Eric Alterman: Well, I began this book 11 years ago, inspired by a footnote in an essay by my doctoral dissertation adviser at Stanford, Bart Bernstein, that speculated on whether Lyndon Johnson might have been quite so gung ho to go into Vietnam despite all of his misgivings had he known that John Kennedy, against whom he constantly measured himself, had not faced down the Soviets in Cuba as the popular myth had it. I thought this kind of thing happened all the time, and I turned out to be right.
I'm publishing it now because now is when I finished it, given the fact that I've written four other books and a zillion articles in the interim. Still, it turns out to be a propitious moment, given the dishonesty of the current administration and the price the nation is paying for it.
B&N.com: Would you say that all presidents have lied while in office?

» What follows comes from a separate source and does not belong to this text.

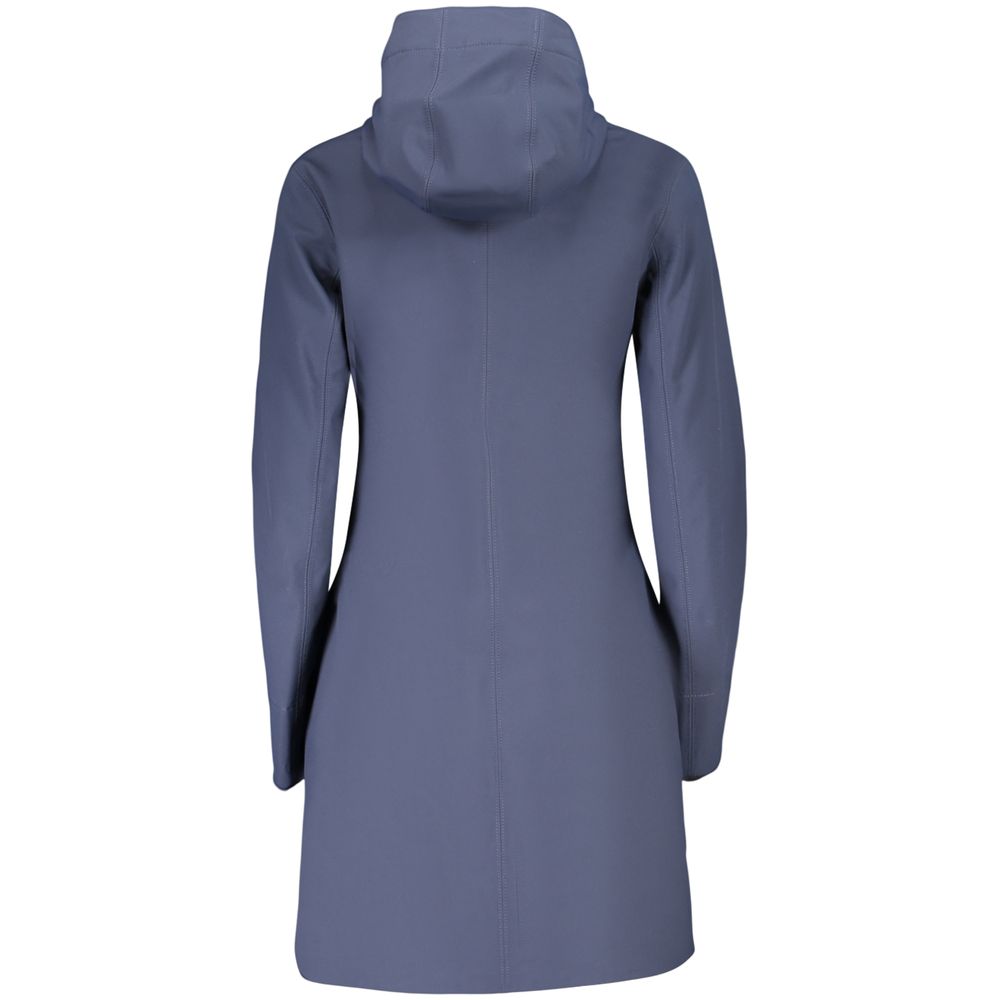 K-WAY Blue Polyester Women's Jacket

EA: No. I can't speak to all presidents. And I think George Washington was pretty honest.
B&N.com: Which has been the most truthful, in your opinion? EA: Besides George Washington, you mean? I guess Jimmy Carter. I think George H. W. Bush had a pretty good record. And Clinton's was not bad, either, since I don't have a problem with personal lies to protect one's family's privacy, just with lies of state that affect the fate of the nation.

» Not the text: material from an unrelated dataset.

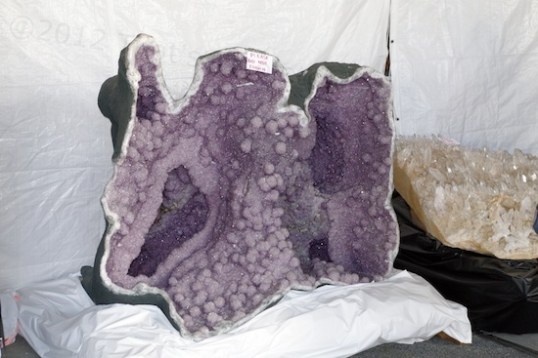 Monstrous geode, Dude!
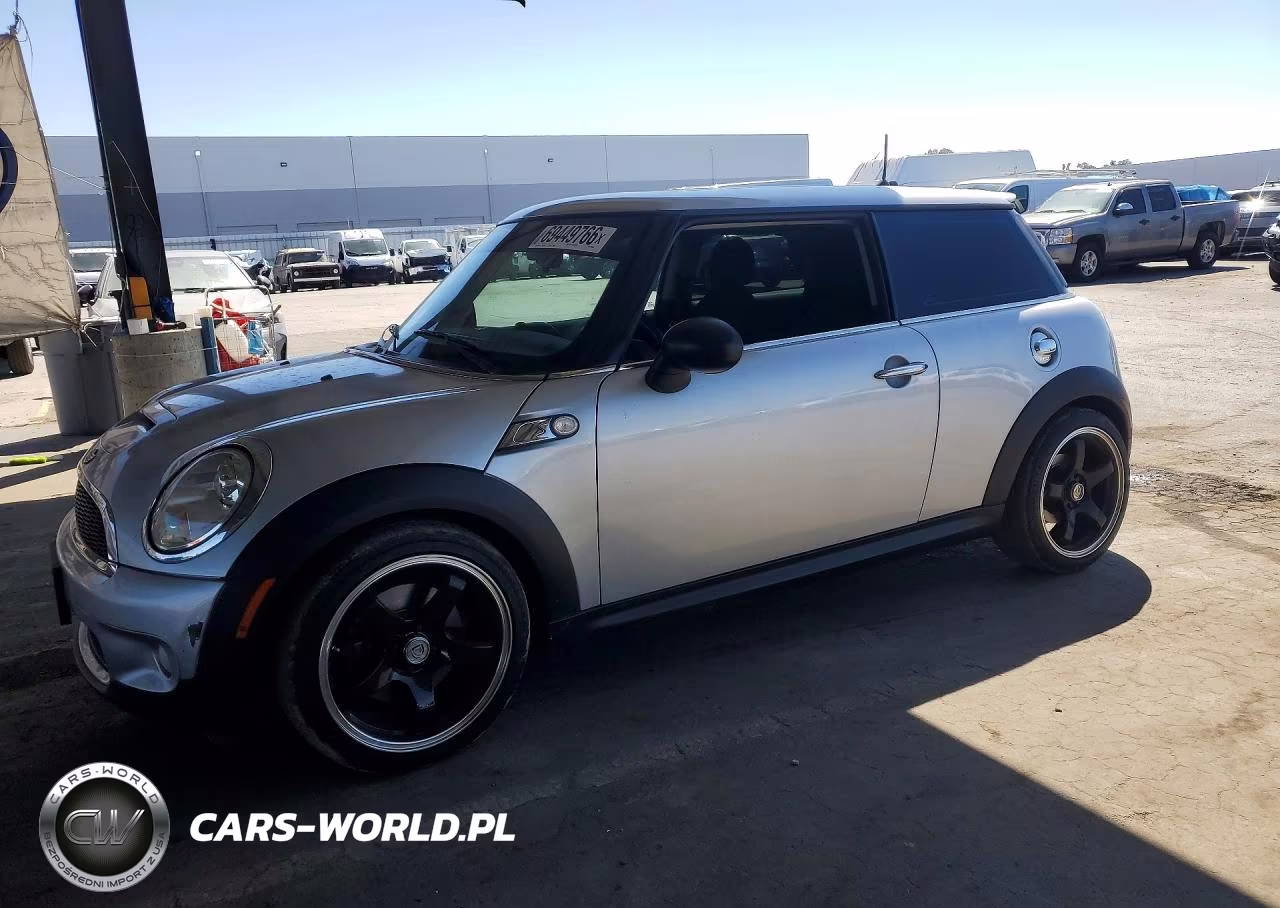 2008 Mini Cooper S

B&N.com: Are some presidential lies worse than others?
EA: Sure. Just like some personal lies are worse than others. It's not a bad thing to tell your wife that her new dress doesn't make her look fat, even if maybe it does. But to deliberately mislead the country into war and ask people to sacrifice their sons, daughters, fathers, and mothers on the basis of a lie, that's pretty bad. It also works out badly for the liar -- which is the main point of this historical study. Remember I'm not moralizing, I'm analyzing.
B&N.com: You chose to focus on FDR, JFK, LBJ, and Ronald Reagan. Why those in particular?
EA: I picked three Democratic presidents I admire because I wanted to demonstrate that the problem is endemic. I picked Reagan because so many people think him a hero as well.
B&N.com: Your Reagan section centers on Iran-contra. Do you think Reagan's passing will lead to a reexamination of that scandal?
EA: Well, the media seemed to prefer selective amnesia, or perhaps a voluntary lobotomy when it comes to this topic. I hope my book makes it unavoidable. But part of the problem with Iran-contra is that George W. Bush, has, by fiat, closed all the records in the Reagan library to scholars. People need to be made aware of that.
B&N.com: Were you tempted to do a Clinton section?
EA: Not really. In the first place, the consequences of Clinton's lies are well known. He was impeached. In the second place, as I argue in the book, private lies are uninteresting to me. Everyone has the right to lie about their private life. A better argument could be made for including Nixon, but again, with Watergate, everyone knows the consequences of those lies. I was trying to tease out consequences of which people were unaware, in order to demonstrate that from a pragmatic, rather than a moral perspective, presidential lying is a bad idea. It doesn't work out well.
B&N.com: Some readers might be surprised to see that George W. Bush is only briefly referenced at the very end of the book. Is that because there've already been so many books published on Bush's purported lies?
EA: Well, I wrote one of those books [The Book on Bush with Mark J. Green], and it's also a bit early to determine the ultimate consequences of Bush's lies. This is after all, supposed to be a work of history.
B&N.com: Is it easier for a president who's perceived as being "disengaged" to get away with lying?
EA: That was Reagan's excuse, and it seems to be Bush's, too. It's amazing that it works, but it does. And even were it true, it hardly works for the members of his administration who lie on his behalf.
B&N.com: Is it ever a good idea for a president to lie?
EA: I am almost always in favor of lying about sex. Civilization depends on it.